Thursday, 25 September 2008

Numma 7: I'm Baaaaaaaaaaaaaack

Just when you thought it was over, well guess what, i don't have a life again. Weeeeee. More balls coming soon. Innit.

Saturday, 26 April 2008

Numma 6: Grand Theft Auto Four is mentioned in the Bible Itself!

"Fuck me while playing Grand Theft Auto 4" demanded the horny bitch...so i proceeded to do just that, I then walloped her in the jaw with the butt of a rifle, like "Grand Theft Auto 4" Her mouth bleeding, teeth deformed, she asked again for me to do so, so...the thrusting continued. I lobbed a live grenade at her and then dived from my room window out into the street. A giant "Y" Button appeared above my head, a finger much like God's pressed it, and i pulled a passer by out of their vehicle and jumped in...i then said _________ < (enter any phrase from Niko Bellic Grand Theft Auto 4)

You don't have a clue what I'm talking about? You don't know what Grand Theft Auto 4 is? Then quite frankly i hate you. I fucking hate you with the same bubbling venom that shaitan haites Allah. I hate you, and if the chance was there...like...Niko...."I would probably Keel You"

Oh but what does this GTA4 game do to help us, how does it make for a better world you all moan at me. Well hello?? Because baffling enough, Grand Theft Auto Four is mentioned in the Bible Itself!!!!!!! Yes, the Bible Itself!!!!!!!!

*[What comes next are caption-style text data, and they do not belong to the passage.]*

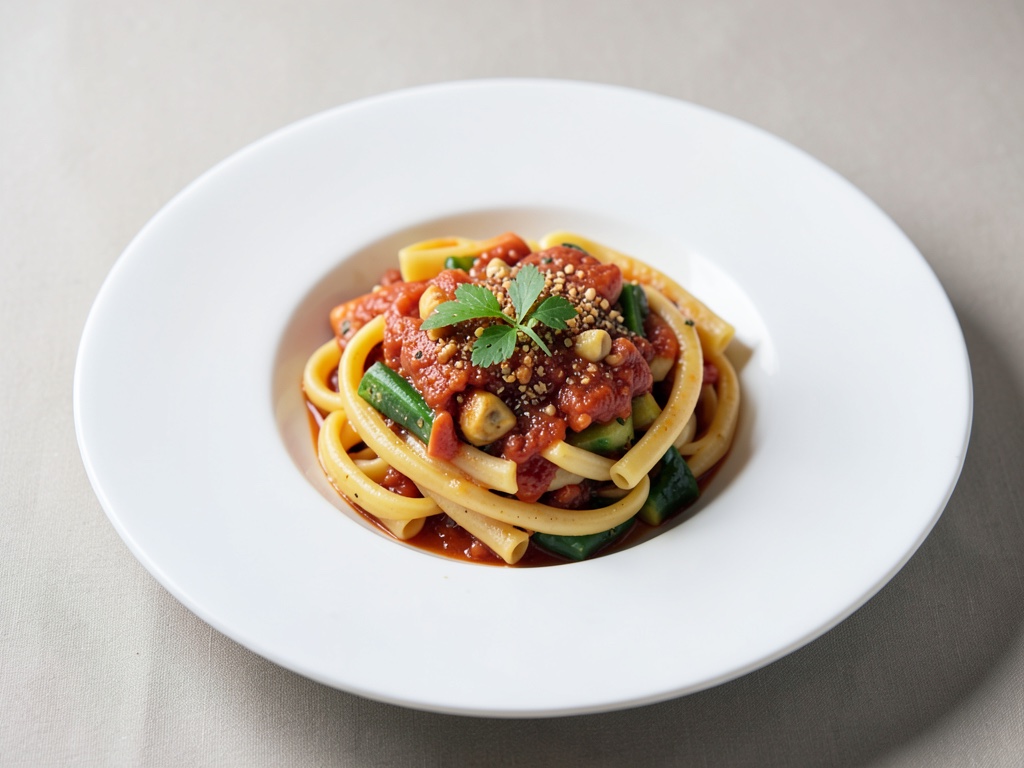 Gemüse-Nudeln mit Tomatensoße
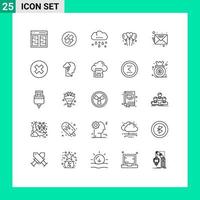 Set of 25 Modern UI Icons Symbols Signs for heart love connection bloone rainy Editable Vector Design Elements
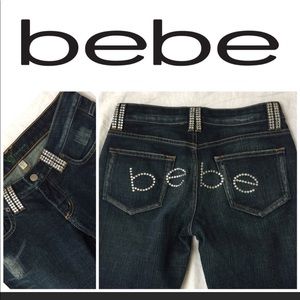Bebe Crystal Logo Flare Wide Leg Jeans 👖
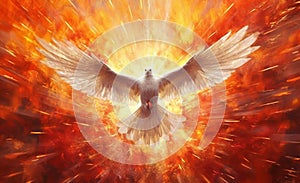 Dove of Divine Light: Depiction of the Holy Spirit as a Dove.The outpouring of the Holy Spirit and the dawn of golden light: photo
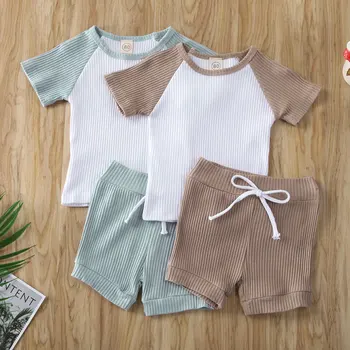 

Toddler Infant Baby Girls Boys Kids Clothes Short Sleeve T-shirt Tops + Striped Bowknot Shorts 2pcs Outfits Summer Sports Set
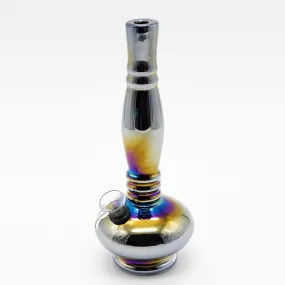 GLASS BONG- MAGNETIC 24cm SILVER OIL SLICK S/GLASS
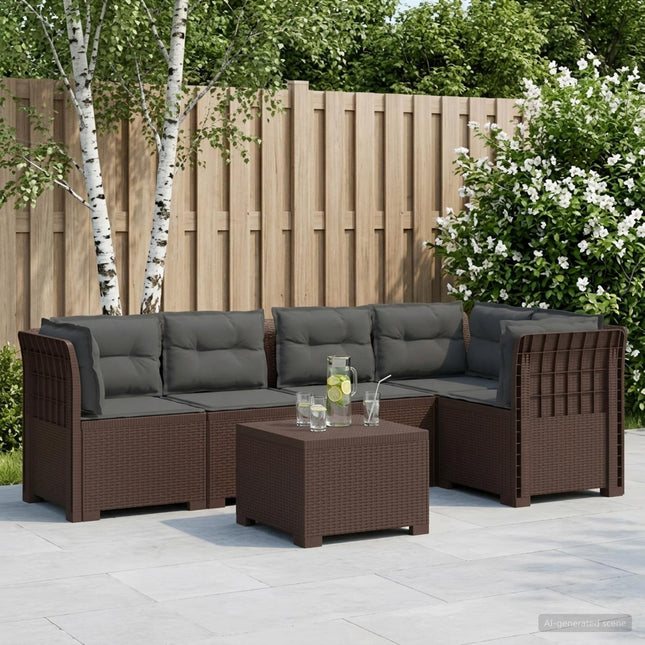 5-personers Havemøbel Sofa med Hynder Rattan Look PP Brun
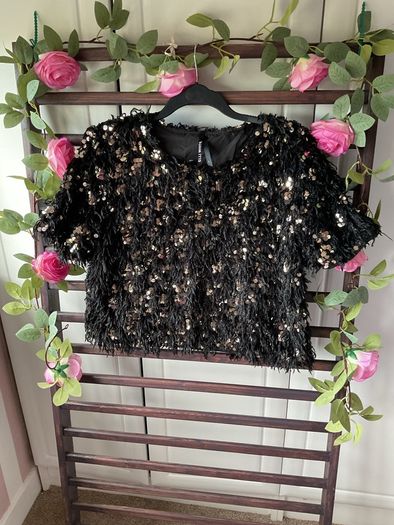top bnwot elli white top size large black occasion wear top with embellishment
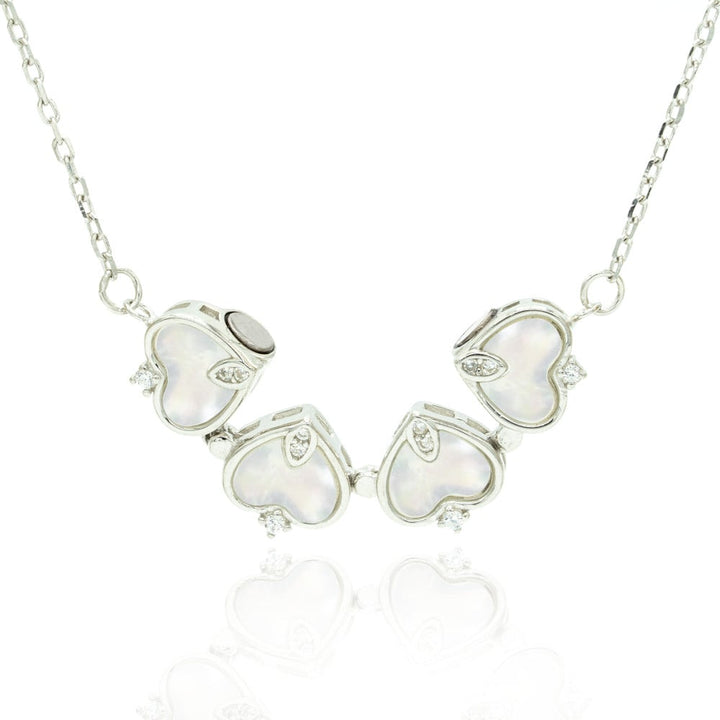 Sterling Silver Magnetic Shell Folding Four Leaf Clover Necklace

Luke 24: "He said to them, "Why are you troubled? And why do doubts arise in your hearts? "Behold My hands and My feet, that it is I Myself. Handle Me and see, for a spirit does not have flesh and bones as you see I have." When He had said this, He showed them His hands and His feet. But while they still did not believe for joy, and marveled, He said to them, "Have you any food here?" So they gave Him a piece of a broiled fish and some honeycomb. And He took it and ate in their presence. The Lord then said to them "Behold, you will see me at the right seat of the Lord, and indeed Grand theft Auto 4 will be enjoyed now, as it will within the hearts of men"

FUCKING AMAZING!!! All this excitement and i haven't even played it yet. I've read minimum reviews as not to spoil a thing. Me and the...missus...seem to be going through a "patch" at the moment, so I've decided the best way to solve this, is by buying GTA4 and playing it until the early hours. :-| My reasoning being, if I'm playing GTA4, then I'm not upsetting her in an argument with my sharp cutting wit, quickfire responses which are better than hers, all around good looks, and general "I'm never wrong" type smugness. My buying and playing GTA4 is better for everybody. Me playing this game is even going to benefit you reading this now in some way.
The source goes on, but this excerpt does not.